Government Announces Funding Boost And Reforms To Social Care
Health and Social Care Secretary Wes Streeting (Alamy)
3 min read
The Government has announced a funding boost and immediate reforms to the social care system, alongside the launch of an independent commission investigating how to improve adult social care in the long-term.
The commission, that the Government said will be cross-party in order to build "consensus", will make its final recommendations in 2028.
On Friday, the Department of Health and Social Care said there will be a £86m boost to the Disabled Facilities Grant for this financial year. The grant helps disabled and elderly people make their homes more accessible and avoid staying in hospital for longer periods.
The department also announced some immediate reforms to the system.
These include increasing the use of care technology, supporting care workers to take on further duties to deliver health interventions, and expanding the national career structure for care staff to allow more opportunities for career progression.
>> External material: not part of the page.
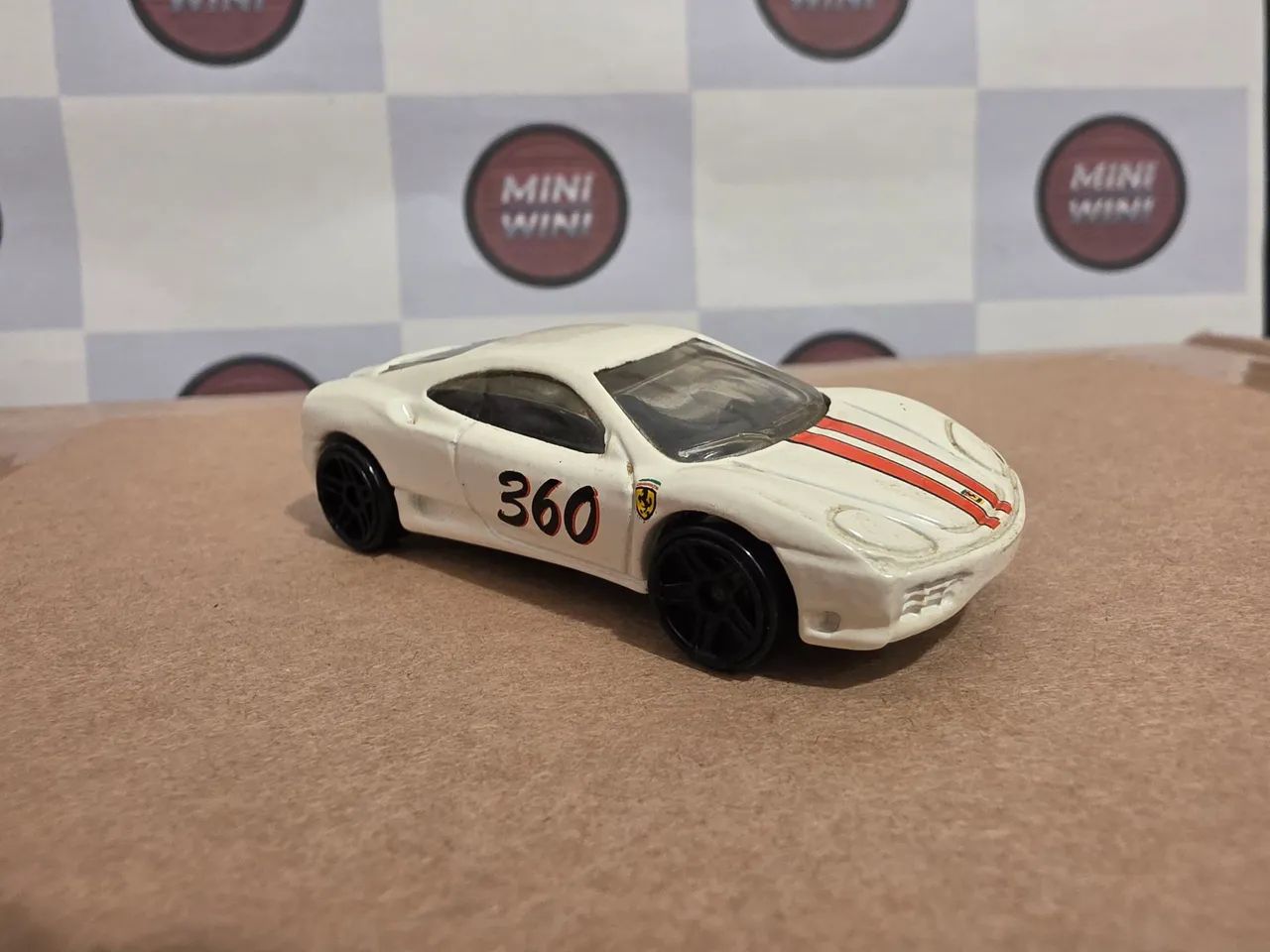 Hotwheels Ferrari 360 Modena (Pack-5) Loose 2010 - Foto 4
A digital platform will be developed to allow medical information to be shared between the NHS and care workers.
As set out in Labour’s General Election manifesto, longer-term reforms will be implemented to aid the creation of a National Care Service.
To help this work, Health Secretary Wes Streeting is launching an independent commission into adult social care that will be chaired by crossbench peer Baroness Casey and make recommendations to ministers.
Nominated for a peerage in 2020, Casey was previously commissioned to carry out a review of the Metropolitan Police in London following the murder of Sarah Everard by a serving police officer.
The commission will be split into two phases, with the first phase reporting in mid-2026 and identifying the key issues facing adult social care and setting out recommendations for reforms. The second phase, reporting by 2028, will make longer-term recommendations to address social care for the UK's ageing population.
Opposition parties will be invited to take part in the commission and build a cross-party consensus on how to build the National Care Service, with Streeting saying this would ensure long-term reform "survives governments of different shades".
Successive governments have failed to tackle the issue of the struggling social care system despite warnings about growing pressures and the UK's ageing population.
NHS England chief executive Amanda Pritchard recently told The House magazine that it is “definitely not possible to talk about the NHS without talking about social care”, particularly on urgent emergency care.
Pressures on the social care system mean hospital beds are often taken up by people who should have been discharged, adding to the challenges facing the NHS.
Liberal Democrat MP and Chair of the Health and Social Care Select Committee late last year told The House that she felt the UK was at a “standstill” on social care, calling it a “glaring omission” in the Labour government’s economic plans.
Speaking on Friday, Moran said the commission was "welcome" but "cannot be an exercise in kicking the can down the road".
“We are concerned that any further delay perpetuates the hardship for individuals and their families, as well as the cost to the NHS and local authorities," the Lib Dem MP said.
The Government is also expected to set out further details in the coming days on its plans to reduce NHS waiting lists, PoliticsHome understands.
Streeting said: “The investment and reforms we’re announcing today will help to modernise social care, get it working more closely with the NHS, and help deliver our Plan for Change.
“But our ageing society, with costs of care set to double in the next 20 years, demands longer-term action. The independent commission will work to build a national consensus around a new National Care Service able to meet the needs of older and disabled people into the 21st century."